Two recent reform pieces – one a book Women in the Shari’a and Our Society (1930) by Tunisian religious reform thinker al-Tahir al-Haddad (1899-1935) and the other an article “The Status of Women in Islam: A Modernist Interpretation” (1982) by Pakistani-American scholar Fazlur Rahman, both declared heretical by conservative clerics, lay the groundwork for an egalitarian family law. “[A]l-Haddad argues for legal equality for women in all areas, including in inheritance. According to him, the Qur’an’s assignment of a lesser share for women was due to the conditions of the time; it was a concession to the social order. But here again equality is the principle and when we look closely, we find that,”[11]

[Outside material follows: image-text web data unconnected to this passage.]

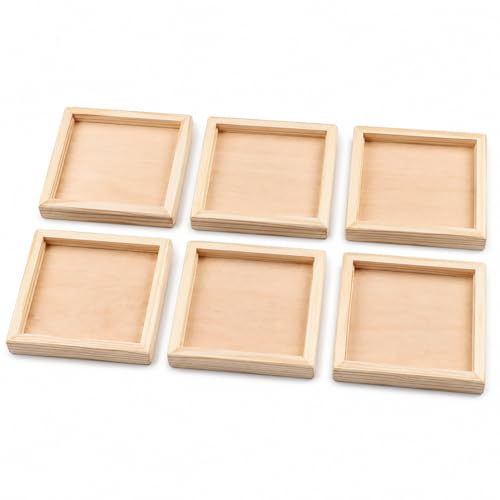 DECHOUS 6-Pack Unfinished Wood Trays, 4.72-Inch Square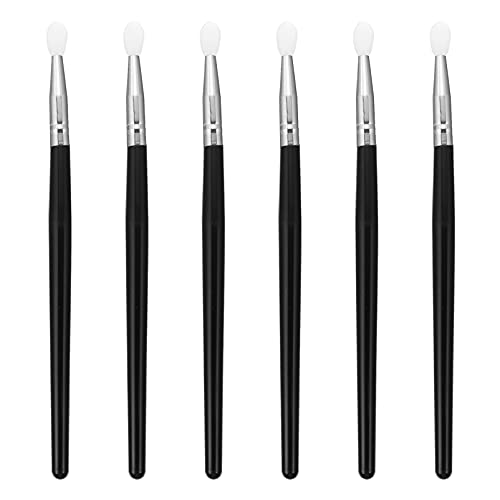 HEALLILY 6pcs Professional Silicone Lip Brush Set - Lipstick, Lip Gloss & Concealer Applicator Wands with Eyeshadow Travel Brush for Women & Men (Black) - Perfect for Makeup Artists, Travel & Daily Beauty Routine
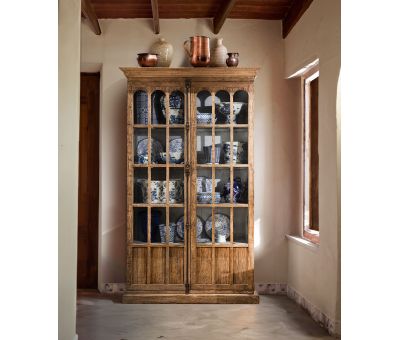 Block & Chisel recycled pine bookcase with glass doors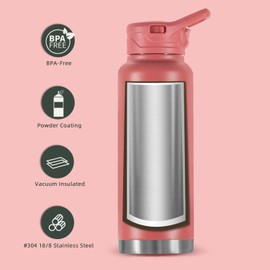 IDEUS Vacuum Insulated Water Bottle, 40 oz Stainless Steel Water Bottles with Straw and Spout Lid, Reusable Metal Water Bottle Leak Proof Gym Water Bottle, BPA-Free(Red)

Islam did not allocate a lesser share to a woman compared to that of man as a principle applicable to all cases. It gave the same share to her in the case of parents inheriting from their dead son when there is a male child and if it involves blood siblings…[12]

Al-Haddad’s ideas helped shape a reformed Tunisian family law, codified in 1956. Fazlur Rahman’s ideas helped shape the feminist scholarship in Islam. As mentioned before, he based his argument on the Quran’s direction for immutable “moral principles, which show us how to establish a society on earth where all humans can be treated as equals as they are all equal in the eyes of God. This is at once the ‘challenge and the purpose of human existence, the trust – amana – that humanity accepted at creation.’”[13] Rahman contends “that the specific legal rules of the Qur’an are conditioned by the socio-historical background of their enactment and what is eternal therein is the social objectives or moral principles explicitly stated or strongly implied in that legislation. This would, then, clear the way for further legislation in the light of those social objectives or moral principles.”[14] He further notes that legal reform can only be effective in changing the status of women in Muslim contexts when there is an adequate basis for social change; otherwise its success will be limited, transitory or confined to certain social groups.[15]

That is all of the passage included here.